Aggregating Results Across Sequential RxJS Requests
Something in RxJS that comes up often is the question of how to best aggregate the results of a number of sequential requests - the out-of-box solution feels more complicated than it should be for something that is a fairly basic requirement.
In this article we will show some options for how to achieve this using standard RxJS. This will explain our motivation for implementing a utility function (concatJoin) to make the intention of the code more explicit by hiding the mechanics of maintaining the aggregate result. This function is available in the npm package rxjs-concat-join.

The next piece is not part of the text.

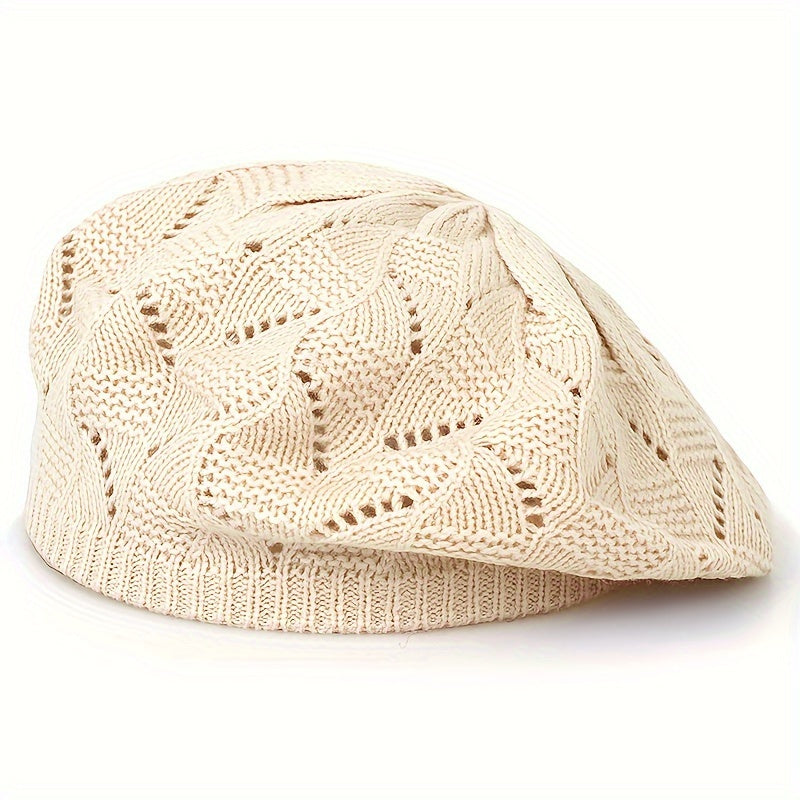 Hollow Out Breathable Beret Hats Casual Solid Color Painter Cap Elastic Berets For Women daily use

To illustrate the problem, let’s start with a simple sequence of 3 requests (a “request” being an observable that just emits 1 value and completes such as an http request). Here is a basic implementation:
return request1.pipe(
mergeMap(result1=>request2(result1)),
mergeMap(result2=>request3(result2)),
);
Note that each request is based on the results of the previous request, which is typically why we do them in sequence rather than in parallel. There are other reasons though why requests that could otherwise be in parallel might be done in sequence, such as reducing server load, progress reporting and ability for the user to cancel, or because of underlying dependencies (eg for related database updates).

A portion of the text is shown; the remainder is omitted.